- **WHAT THE TASK ASKS**
Could you set down the listing below exactly, leaving out its pictures?

- **GIVEN INFORMATION**
------------------------------------------------------------

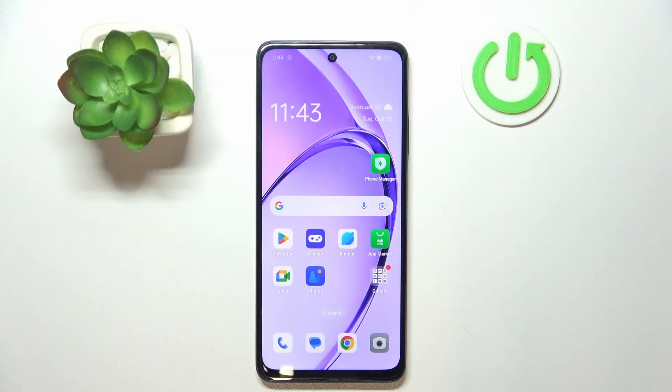Hi everyone, welcome back to Hard to Reset info channel. Today I'm going to show you how to access recovery mode on your OPPO devices.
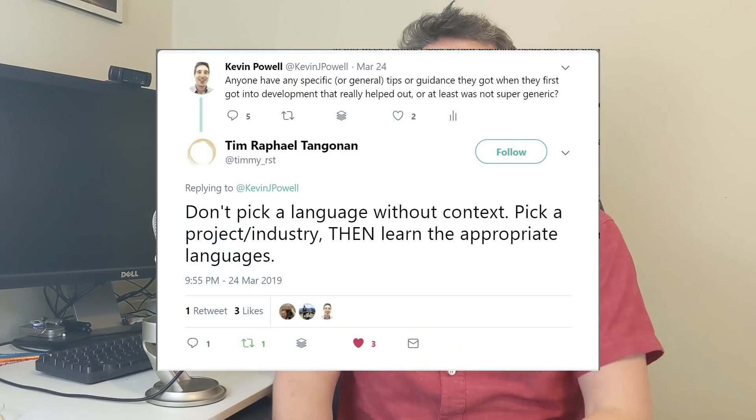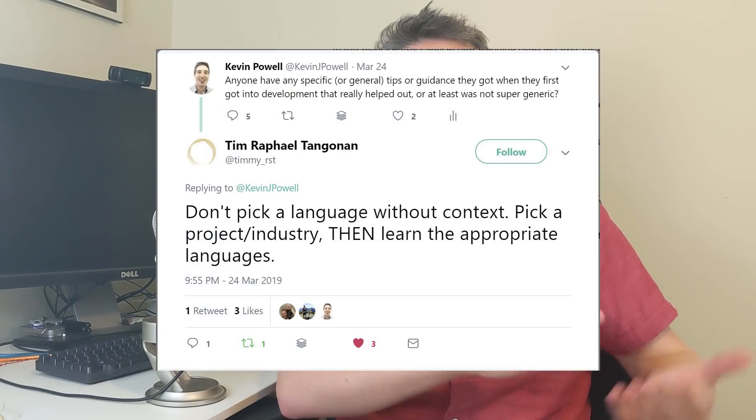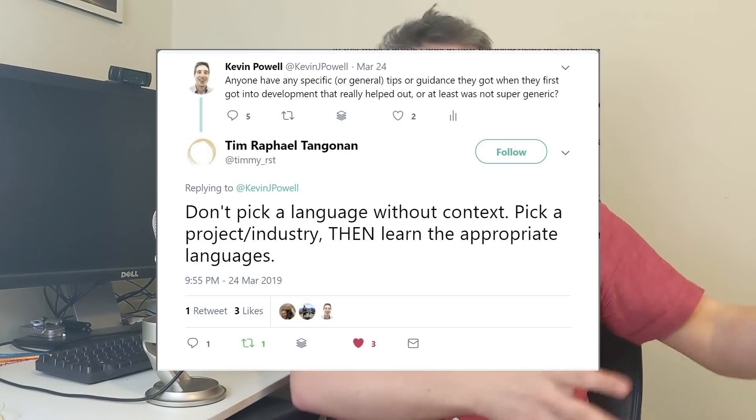On Twitter, I've asked about the best piece of advice anybody's gotten as a developer that really helped them. One of the answers that came back was about how it's not about choosing what language you want to learn next, but choosing what project or what job you want — and that is what leads you to the choice. And that's exactly right.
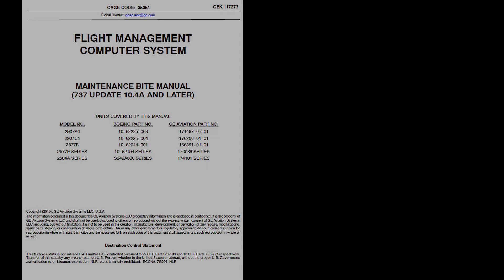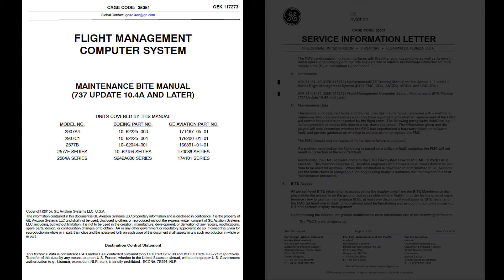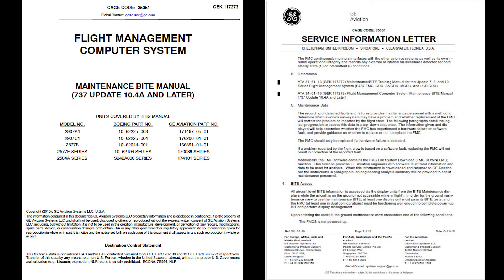For further information, please reference the FMCS BITE Maintenance Manual ATA 3461-16, as well as the Service Information Letter 3449, the FMC Aircraft Level Maintenance Guidelines.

------------------------------------------------------------

- **YOUR RESPONSE**
Hi everyone, welcome back to Hard to Reset info channel. Today I'm going to show you how to access recovery mode on your OPPO devices.
On Twitter, I've asked about the best piece of advice anybody's gotten as a developer that really helped them. One of the answers that came back was about how it's not about choosing what language you want to learn next, but choosing what project or what job you want — and that is what leads you to the choice. And that's exactly right.
For further information, please reference the FMCS BITE Maintenance Manual ATA 3461-16, as well as the Service Information Letter 3449, the FMC Aircraft Level Maintenance Guidelines.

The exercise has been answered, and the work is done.